WORK REQUIRED - Transcribe the entries exactly. Omit the pictures.

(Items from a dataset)
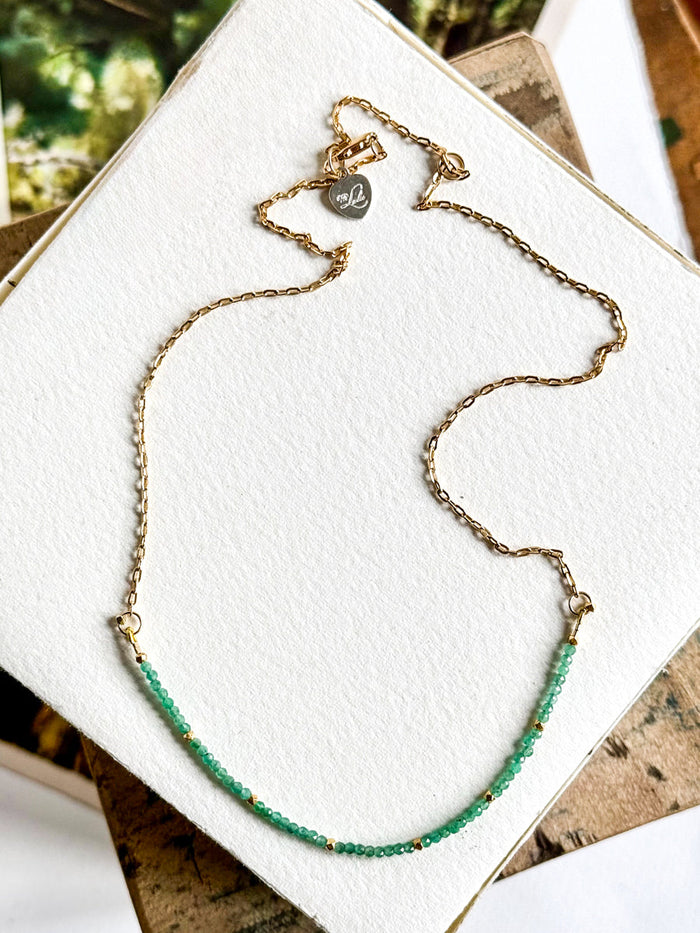 Bryn Necklace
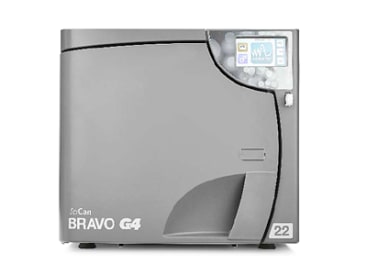 Stérilisateurs dentaires BRAVO G4 22 L autoclave img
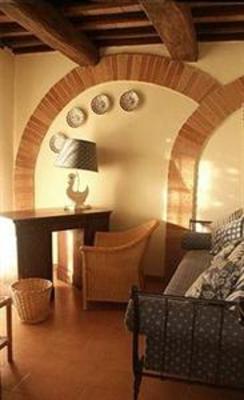 фото отеля Hotel Poggio Alla Vigne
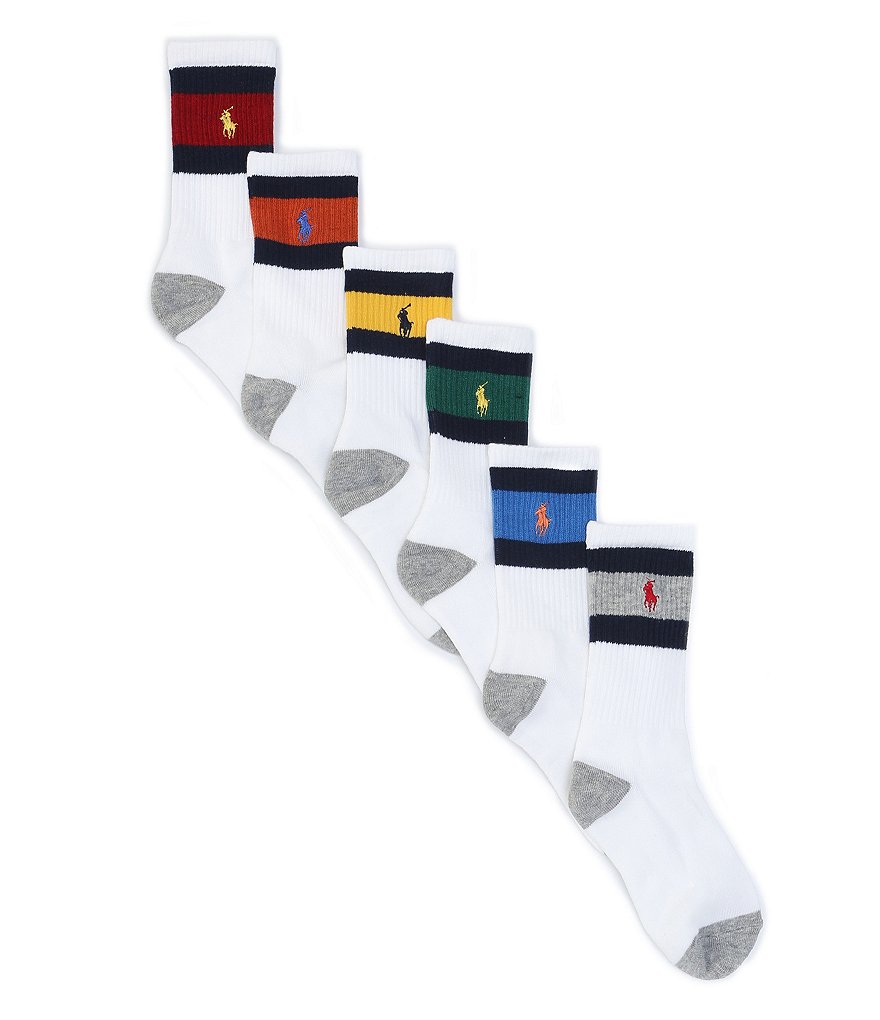 Hot Sox Kids 3-Pack Variety Socks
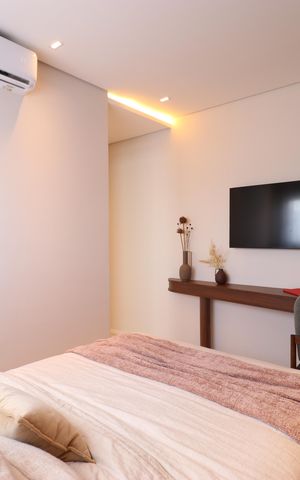 Apartamento à venda com 79m², 2 quartos e 1 vagaSuite 2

WRITTEN ANSWER -
 Bryn Necklace
 Stérilisateurs dentaires BRAVO G4 22 L autoclave img
 фото отеля Hotel Poggio Alla Vigne
 Hot Sox Kids 3-Pack Variety Socks
 Apartamento à venda com 79m², 2 quartos e 1 vagaSuite 2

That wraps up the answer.